TASK INPUT Start Marker

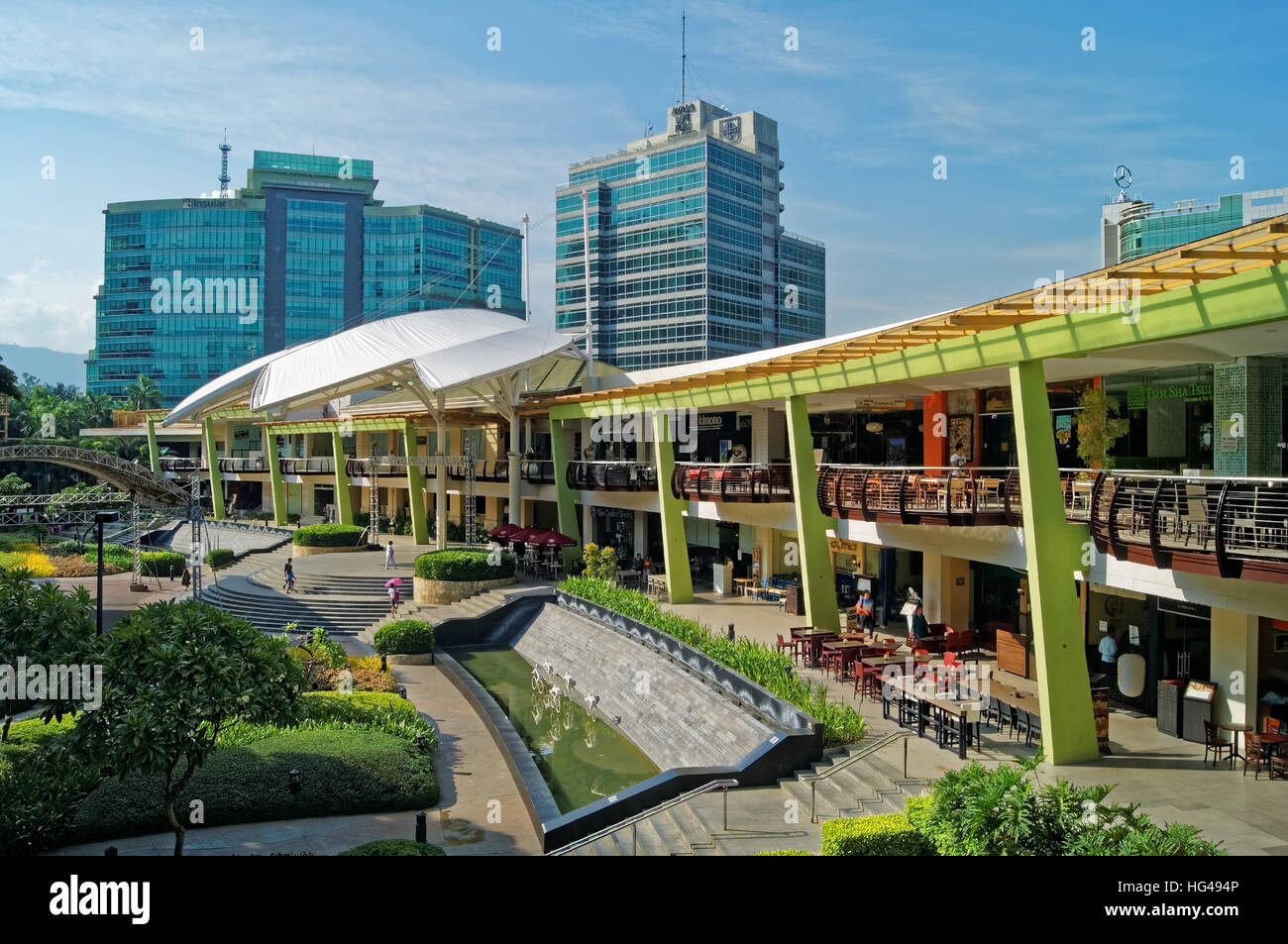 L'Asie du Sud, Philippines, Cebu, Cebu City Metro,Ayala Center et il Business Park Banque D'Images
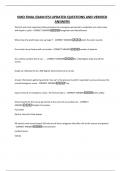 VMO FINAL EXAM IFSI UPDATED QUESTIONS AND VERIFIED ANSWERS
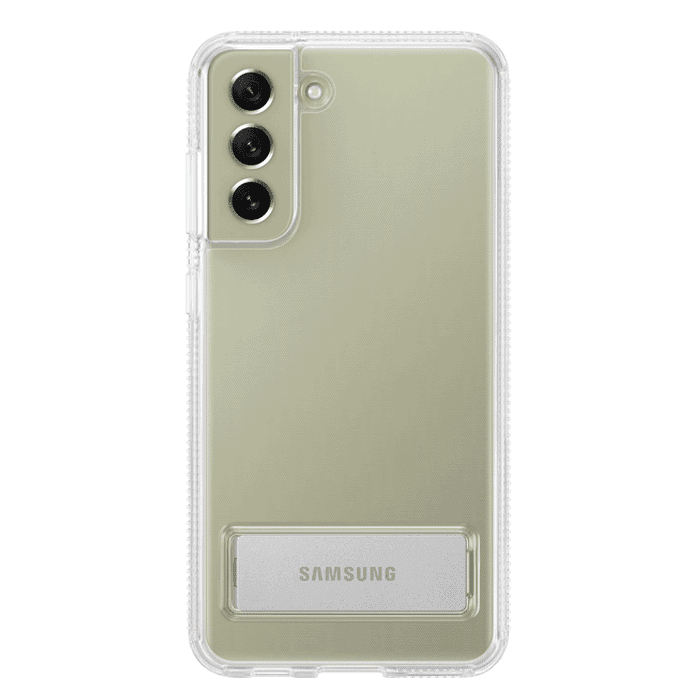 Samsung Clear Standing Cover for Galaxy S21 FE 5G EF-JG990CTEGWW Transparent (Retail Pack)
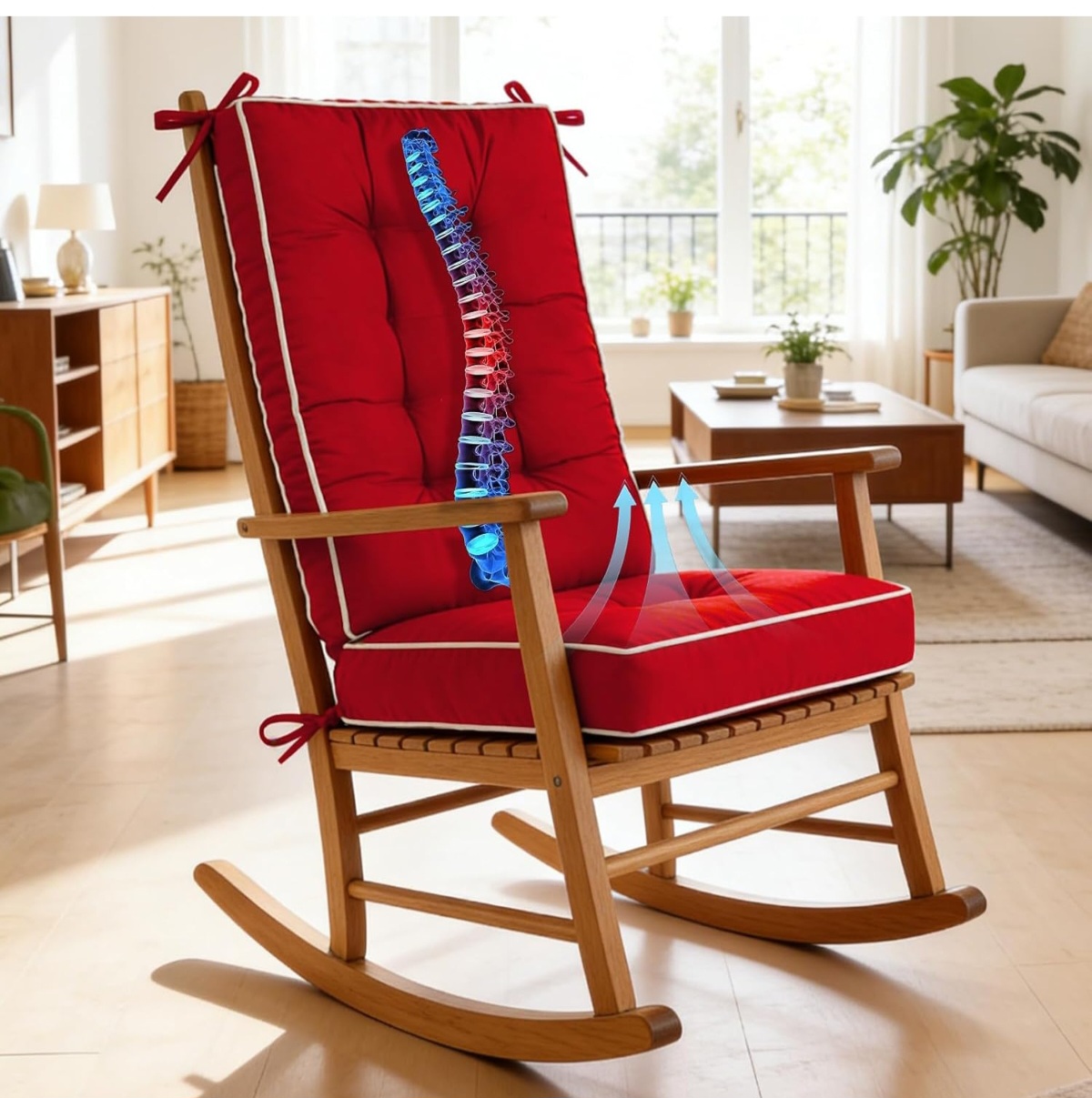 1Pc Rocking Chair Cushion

TASK INPUT End Marker
TASK INPUT Start Marker

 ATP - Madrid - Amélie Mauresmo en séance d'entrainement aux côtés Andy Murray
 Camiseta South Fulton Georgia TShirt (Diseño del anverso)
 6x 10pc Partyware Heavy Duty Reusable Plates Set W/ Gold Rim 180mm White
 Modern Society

TASK INPUT End Marker

* REQUIRED ACTION:
Could you set down, exactly as written, the lines above between the one holding "ATP - Madrid" and the one holding "Modern Society", inclusive, and nothing more?

* SOLUTION TO THIS EXERCISE:
 ATP - Madrid - Amélie Mauresmo en séance d'entrainement aux côtés Andy Murray
 Camiseta South Fulton Georgia TShirt (Diseño del anverso)
 6x 10pc Partyware Heavy Duty Reusable Plates Set W/ Gold Rim 180mm White
 Modern Society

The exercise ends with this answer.